Blend all ingredients except the herbs until smooth. Let stand while you prepare the noodles and veggies, then blend again until creamy and very smooth. Add the fresh herbs and process just long enough to chop them up. Taste for seasoning. A little agave nectar may be added if you like a sweeter sauce.

*using un-soaked cashews gives a thicker sauce.


SIMPLE RAW PUTTANESCA

4-6 Red ripe tomatoes

6 sundried tomato halves

2 tbsp dry red wine

2 cloves garlic

1 tbsp capers

2 tbsp chopped green and black olives

Splash of olive oil

Fresh ground black pepper

Sea salt to taste (omit if using capers preserved in salt)

Handful of fresh herbs, including basil, sage, parsley, rosemary and oregano

Pinch of ground allspice

In a high speed blender, coarsely blend the tomatoes, sundried tomatoes, garlic and wine. Let the mixture rest while you prep the other ingredients (10 minutes or so), to give the sun dried tomatoes a chance to soften. Whir the sauce again until thick and nearly smooth, then add the herbs, capers, olives, black pepper, allspice, and olive oil. Blend just enough to chop the herbs. Taste and correct for seasoning.

Monday, April 18, 2011

Tomato, Fennel, and Zucchini Soup with Herb Pesto

This hearty, colorful soup is a feast of textures and flavors, from crunchy fennel to silky zucchini, all brought together with a sweet-tangy tomato broth and savory, fragrant pesto. We enjoyed it cold, with some seed crackers on the side to scoop up the extra pesto.

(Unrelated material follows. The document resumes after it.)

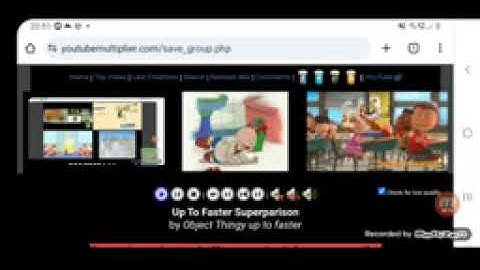 Up To Faster Superparison (reupload)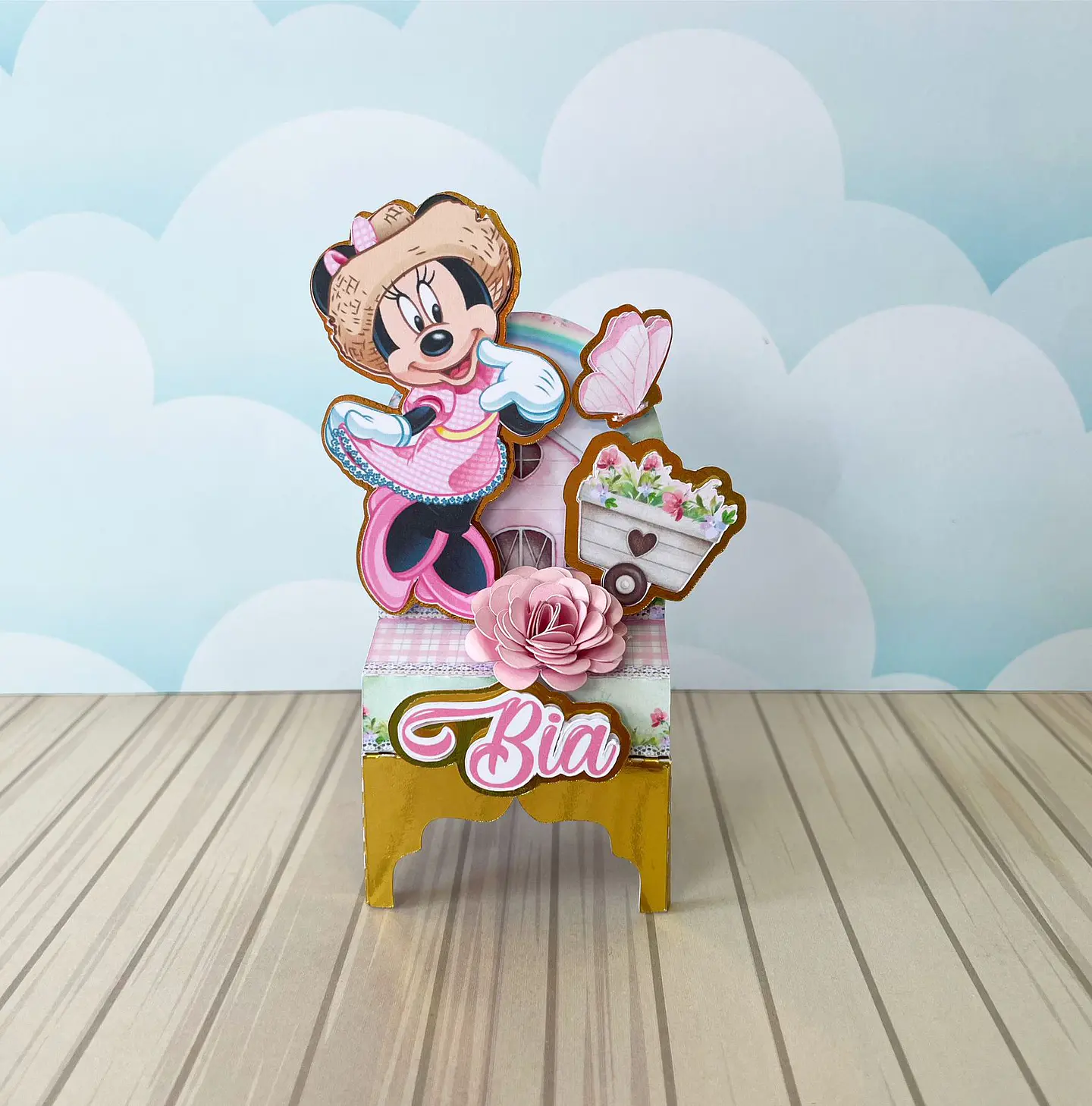 Arquivo de Corte Fazendinha da Minnie - LINA 2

Tomato, Fennel, and Zucchini Soup

6 to 8 very ripe tomatoes
1 date
3 carrots, freshly juiced
1/2 bulb fresh fennel
1 zucchini, sliced into noodles
1-2 tablespoons white balsamic vinegar
slivered sweet onion
white balsamic vinegar to taste

Very thinly sliver the fennel into a bowl. Lightly season with salt and white balsamic vinegar, then
set aside to soften.
Juice the carrots along with the coarser fennel stems and leaves. Save most of the finer
leaves for the pesto. If you have them, sweet red bell peppers may replace the carrots.
Blend the dates with a couple of the tomatoes until very smooth, then add the rest of the
tomatoes and process roughly. Combine with Carrot juice.
Using a vegetable peeler, slice the zucchini into noodles.
Combine tomato base with the fennel, slivered onion and zucchini noodles. Season to taste
with sea salt and white balsamic. Top with a dollop of pesto and serve warm or cold.

Herb Pesto
1/2 bunch parsley leaves
reserved fennel fronds
1 /2 cup pine nuts
1/4 to 1/3 cup olive oil
1 tbsp nutritional yeast
dusting of sea salt

Blend all ingredients in your food processor, beginning with the garlic, herbs, and nuts and
drizzling the olive oil in as you go. Add yeast and salt last, correcting for taste.